Co-founded by Paloma and Patricia McGregor, Angela’s Pulse was named for their mother Angela, an artist, teacher and activist who continues to inspire their work.
Angela's Pulse Core Values: We are:
- process oriented – We believe in dialog and experimentation as both means and end. We center the authentic over the predetermined. We allow for trust and growth to develop as a result of spending time, challenging assumptions and inherited notions, digging in and working from joy.
- collaboration based – We believe we are better together. We value our individual assets, voices, histories, and the potentials they hold when we activate them in service of a vision larger than any one of us.
- community centered – We believe that communities – of geography, practice, values, identity – are themselves powerful creative acts. We honor that power by practicing community-building and community-bridging.
- anti-racist – We believe that racism is the glue that holds all of our dehumanizing and oppressive systems in place. We work with rigor and love to consistently practice undoing the impacts of racism on us as individuals, as a team and as collaborators with others.
- embodied – We believe the body offers the most powerful, intimate opportunity to transform values into action. We center practices that allow us to tap into our embodied intellect, push beyond our known limits and animate our visions.
3 Year Residency Plan:
- Year 1 - Entering - Getting to know community, students, space. Shared practice/workshops. Grounding in PISAB Undoing Racism training. Establishing Next Steps. Culminating Sharing.
- Year 2 - Building - ID core collaborators. Shared Practice/workshops. Deepen anti-racism organizing, collaborative practice and interdisciplinary partnerships. Establishing Next Steps. Culminating sharing.
- Year 3 - Integrating (Exiting) - ID core goals. Shared Practice/workshops. Deepen anti-racism organizing, collaborative practice and interdisciplinary partnerships. Establishing Next Steps. Culminating Sharing.

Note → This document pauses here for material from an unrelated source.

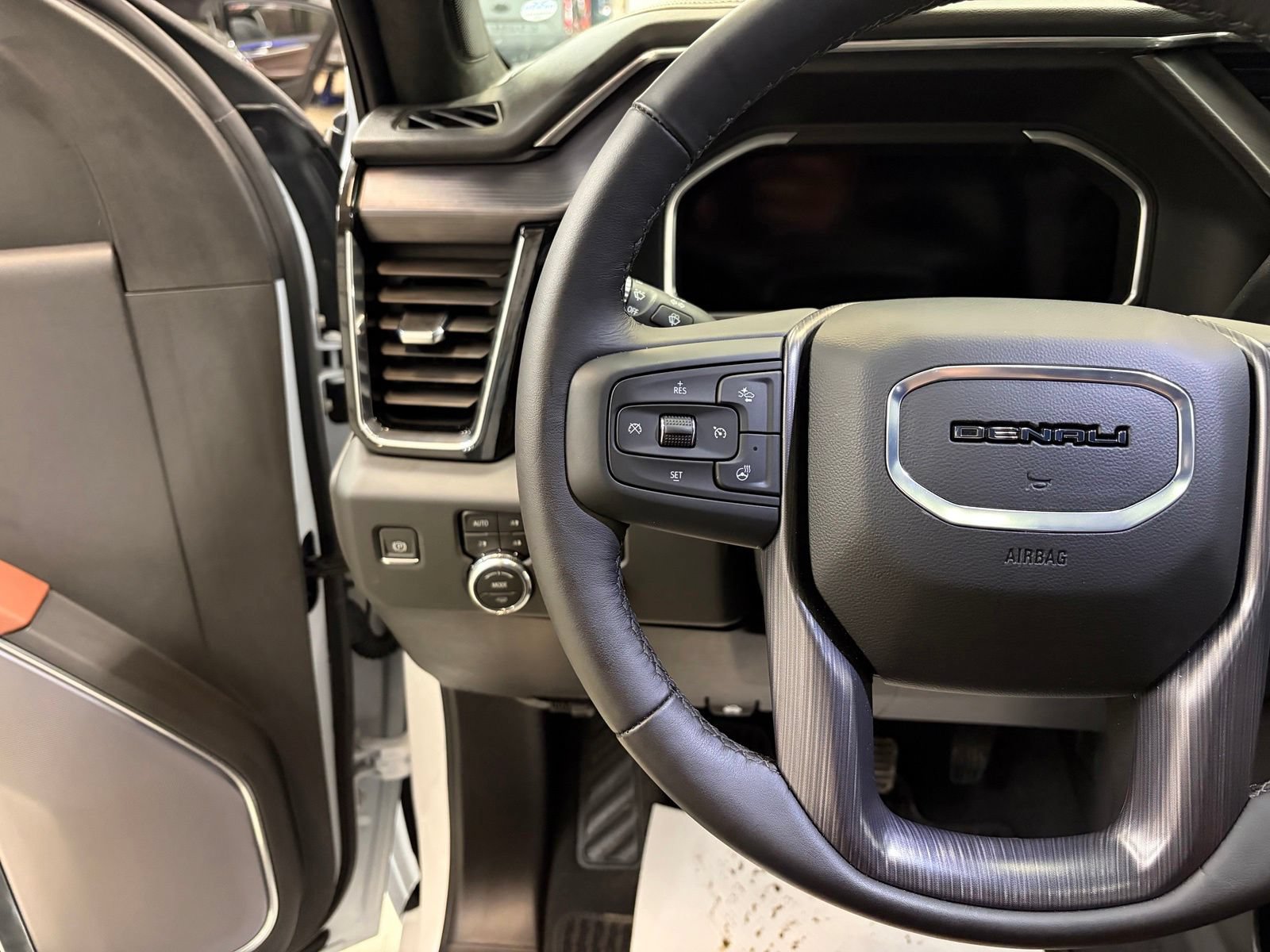 Used 2026 GMC Sierra 3500 Denali Ultimate AWD/4WD image 13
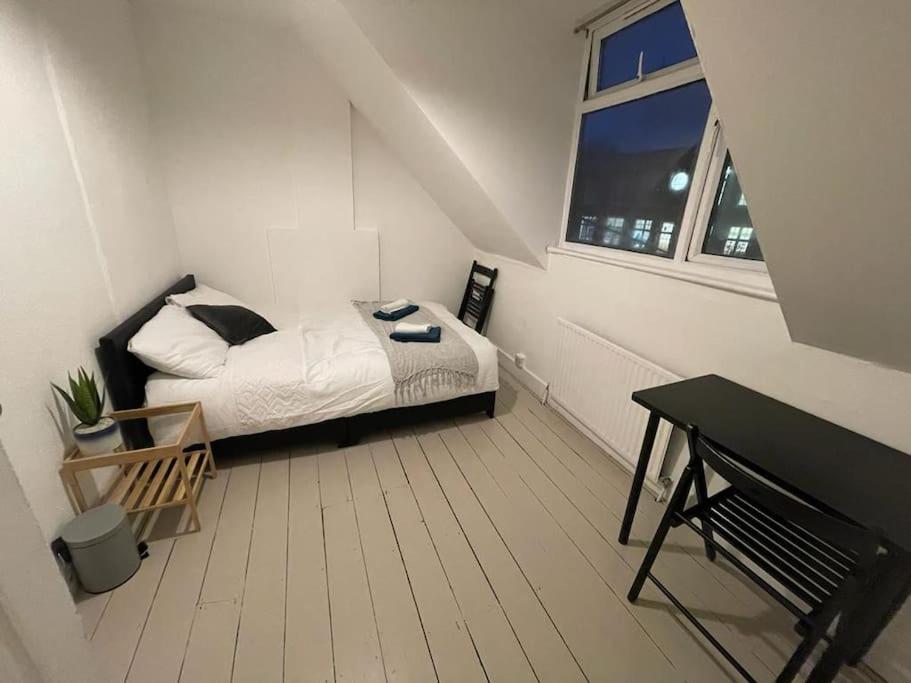 Comfy 2 Bedroom On Tower Bridge Londres Exterior foto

This 3-year practice will be grounded in my integration of 3 pillars:
PISAB's Undoing Racism principles
UBW’s Entering, Building and Exiting Community framework
Angela’s Pulse Shared Practice model
Paloma McGregor (b. 1974) is a Caribbean-born, New York-based choreographer and arts leader. As co-founder and Artistic Director of Angela’s Pulse, McGregor has spent more than a decade centering Black voices through collaborative, “community-specific” performance projects. A former newspaper editor, McGregor brings a choreographer’s craft, a journalist’s urgency, and a community organizer’s framework in the service of big visions. The daughter of a fisherman and public school art teacher, McGregor amplifies and remixes the quotidian choreographies of Black folks, reactivating them in often-embattled public spaces. McGregor’s work situates performers and witnesses at the embodied intersection of the ancestral past and an envisioned future; for her, tradition transcends time.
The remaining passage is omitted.